James Mancini

Personal information
- Full name: James Michael Mancini
- Nickname: Boom Boom
- Nationality: Canadian, Italian
- Born: September 29, 1984 (age 41)
- Height: 5 ft 6 in (168 cm)

Medal record
Men's freestyle wrestling
Representing Canada
Commonwealth Games
| Silver medal – second place | 2010 Delhi | 60 kg |
Pan American Championships
| Silver medal – second place | 2009 Maracaibo | 60 kg |
| Silver medal – second place | 2010 Monterrey | 60 kg |

= James Mancini =

Canadian-Italian wrestler and mixed martial arts fighter (born 1984)

James Mancini (born September 29, 1984) is a Canadian-Italian former wrestler and mixed martial artist. He most notably competed as a freestyle wrestler, representing Canada at the 2010 Commonwealth Games, winning a silver medal in the 60 kg category, having lost only to future Olympic medalist Yogeshwar Dutt.

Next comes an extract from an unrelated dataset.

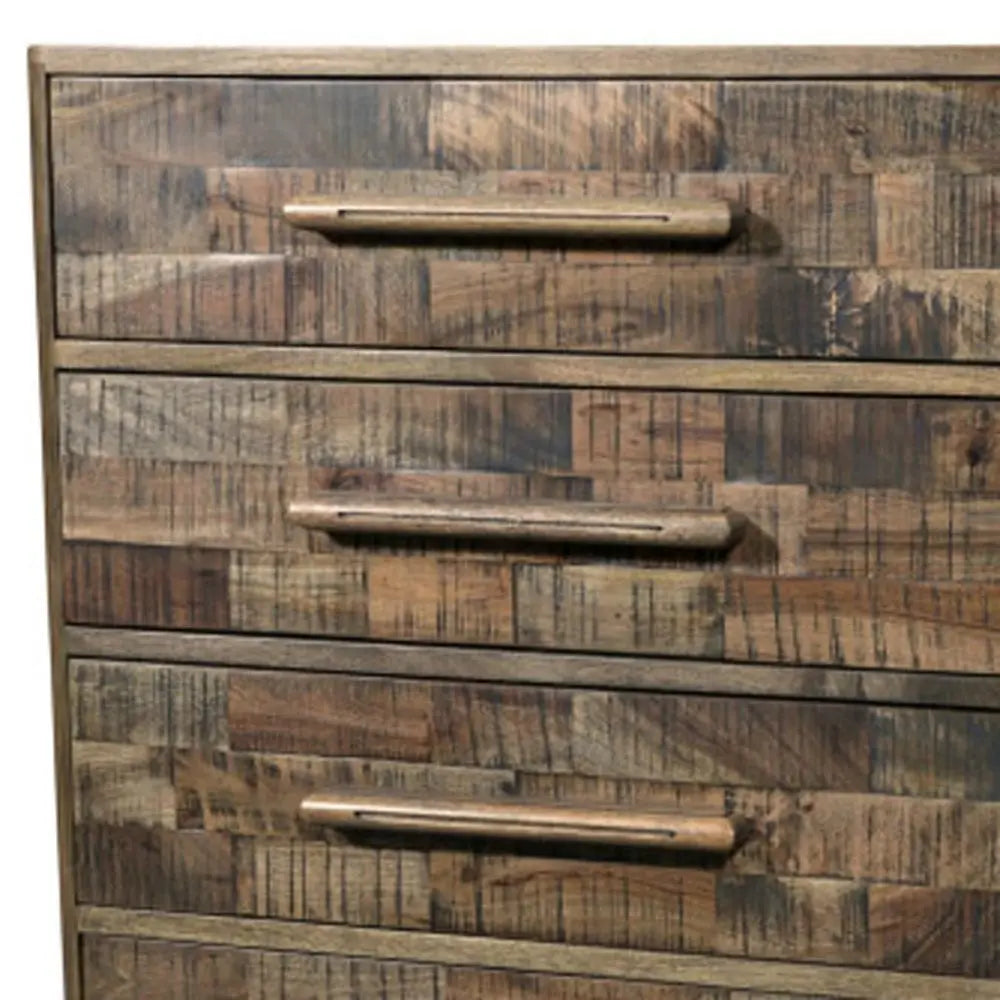 35" Brown Carved Geometric Solid Wood Five Drawer Dresser - NOBLE HOME INTERIORS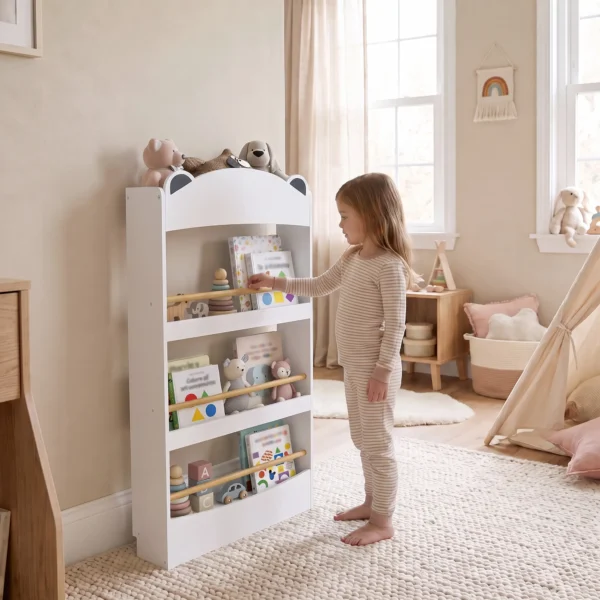 Kinderboekenkast, Wandgemonteerd Kinderrek Met 4 Niveaus, Wandrek Met Beer vormig Ontwerp, 50 X 15 X 97 Cm Wit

A professional since 2013, Mancini has also competed in mixed martial arts. He most recently fought for Cage Fury Fighting Championships, where he is a former flyweight title challenger. He has also competed in the flyweight division of TKO Major League MMA, where he is a former flyweight title challenger. He is nicknamed Boom Boom.

As of 2023, Mancini was performing as a standup comedian and was the owner of Mauvais Garcons restaurant in Montreal.